Présidentielle américaine : Joe Biden peut-il battre Donald Trump ?
Confronté aux profondes divisions de son parti, à un passif peu flatteur, et alors que les questions sur sa santé se multiplient, la capacité de Joe Biden à battre Donald Trump interroge. Mais son salut pourrait venir de la crise du coronavirus.
Avec le retrait du sénateur du Vermont Bernie Sanders à l'investiture démocrate, les dés sont désormais jetés : Joe Biden, l'ancien vice-président de Barack Obama, affrontera en novembre prochain Donald Trump pour prendre en main la destinée des Etats-Unis. Et, à en croire les sondages, les portes de la Maison Blanche lui seraient d'ores-et-déjà grandes ouvertes.

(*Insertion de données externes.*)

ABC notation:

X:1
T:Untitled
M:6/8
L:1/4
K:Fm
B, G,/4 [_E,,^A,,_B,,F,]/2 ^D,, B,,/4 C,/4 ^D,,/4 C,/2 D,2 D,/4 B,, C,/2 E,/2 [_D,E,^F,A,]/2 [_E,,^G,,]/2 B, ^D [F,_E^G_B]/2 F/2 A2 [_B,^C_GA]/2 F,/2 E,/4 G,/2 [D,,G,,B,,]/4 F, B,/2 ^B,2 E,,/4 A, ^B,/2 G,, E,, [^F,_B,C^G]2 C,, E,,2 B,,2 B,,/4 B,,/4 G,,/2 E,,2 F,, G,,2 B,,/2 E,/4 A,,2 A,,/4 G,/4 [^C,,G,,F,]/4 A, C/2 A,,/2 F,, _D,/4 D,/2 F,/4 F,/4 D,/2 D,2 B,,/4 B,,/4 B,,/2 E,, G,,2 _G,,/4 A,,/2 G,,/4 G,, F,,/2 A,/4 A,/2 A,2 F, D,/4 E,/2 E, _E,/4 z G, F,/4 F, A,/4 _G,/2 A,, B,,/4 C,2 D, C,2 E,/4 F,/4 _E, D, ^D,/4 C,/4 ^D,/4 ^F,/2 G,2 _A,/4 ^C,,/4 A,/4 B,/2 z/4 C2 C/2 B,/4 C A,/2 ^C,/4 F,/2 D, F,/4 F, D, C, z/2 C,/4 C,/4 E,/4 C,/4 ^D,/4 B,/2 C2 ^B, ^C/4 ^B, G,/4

Pourtant, il serait bien imprudent de considérer que les jeux sont faits. D'une part, parce que la fiabilité de ces données est loin d'être garantie, comme peut en témoigner la candidate malheureuse de 2016 Hillary Clinton, dont la victoire relevait de la certitude selon les enquêtes d'opinions. D'autre part, parce qu'à sept mois du scrutin – une éternité en termes de temps politique – la candidature de Joe Biden n'apparaît pas sans failles, loin s'en faut.
Un parti divisé
Si, après un départ timide lors des primaires dans l'Iowa et le Nevada, Joe Biden a fini par s'imposer comme le candidat incontournable du Parti démocrate, il lui faut désormais s'atteler à la délicate tâche de rassembler un camp miné par de profondes divisions. Bien qu'assez largement défait, Bernie Sanders et ses soutiens représentent en effet aujourd'hui une composante non négligeable du Parti démocrate. Or les positions très à gauche défendues par le sénateur de Vermont semblent pour le moins incompatibles avec celles du centriste Joe Biden.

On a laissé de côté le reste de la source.